AVAILABLE DATA =>
▽
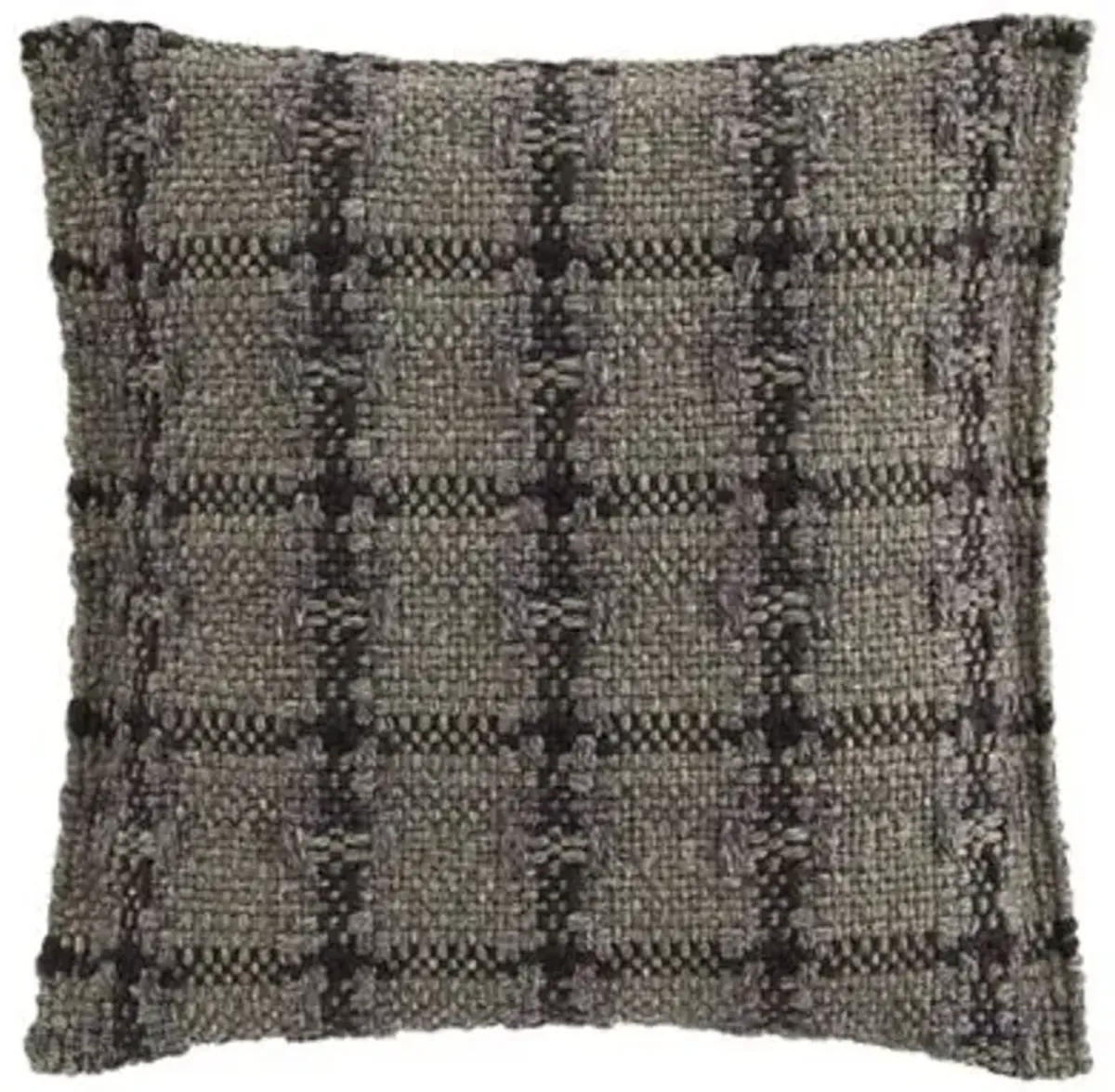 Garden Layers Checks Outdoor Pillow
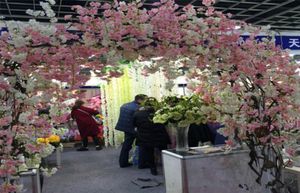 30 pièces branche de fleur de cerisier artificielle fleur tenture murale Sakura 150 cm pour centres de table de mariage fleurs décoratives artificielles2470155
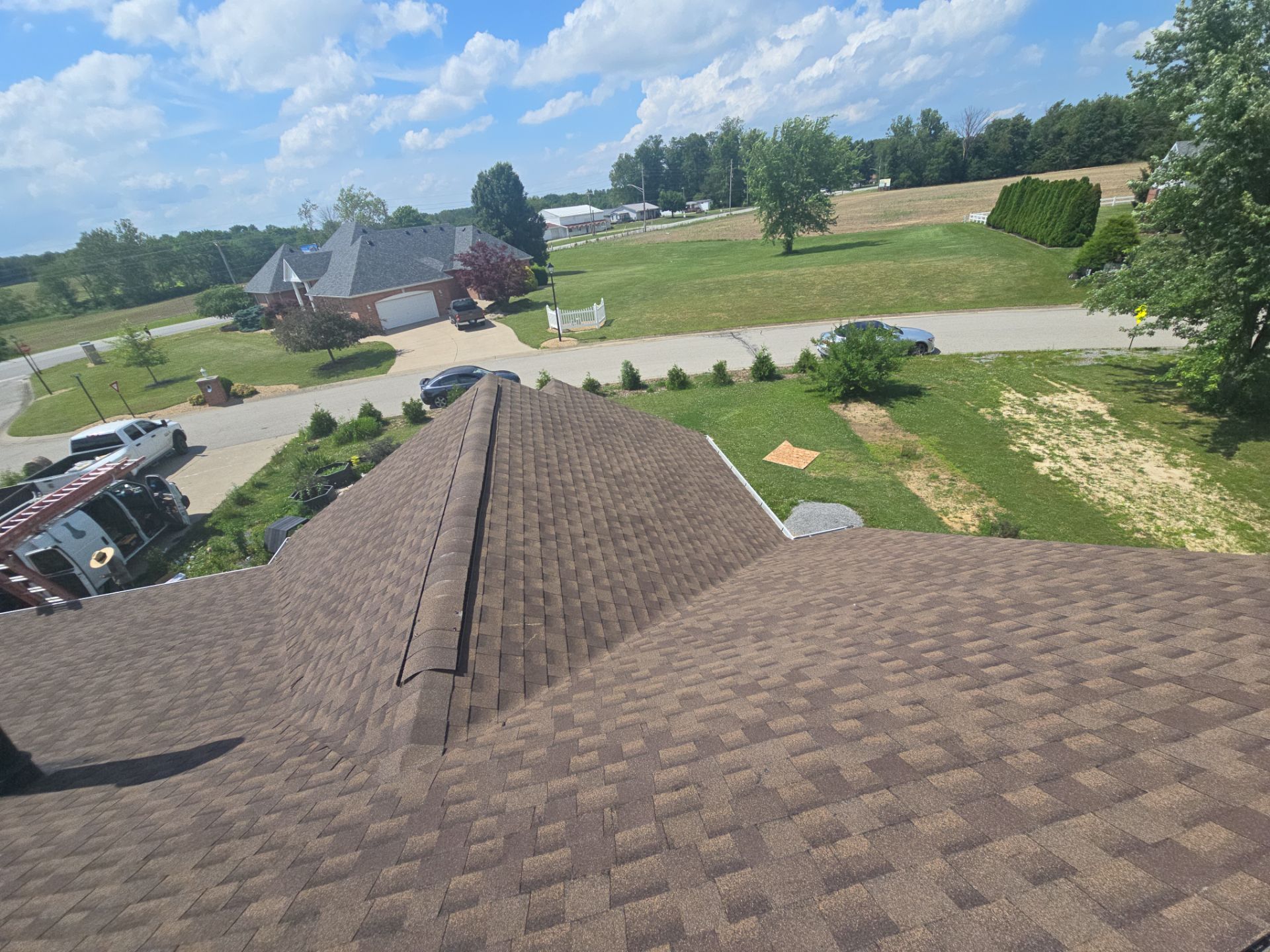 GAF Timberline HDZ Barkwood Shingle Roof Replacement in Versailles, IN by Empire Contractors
△
YOUR OBJECTIVE => Please copy the data above exactly, omitting the pictures.

YOUR SOLUTION =>
 Garden Layers Checks Outdoor Pillow
 30 pièces branche de fleur de cerisier artificielle fleur tenture murale Sakura 150 cm pour centres de table de mariage fleurs décoratives artificielles2470155
 GAF Timberline HDZ Barkwood Shingle Roof Replacement in Versailles, IN by Empire Contractors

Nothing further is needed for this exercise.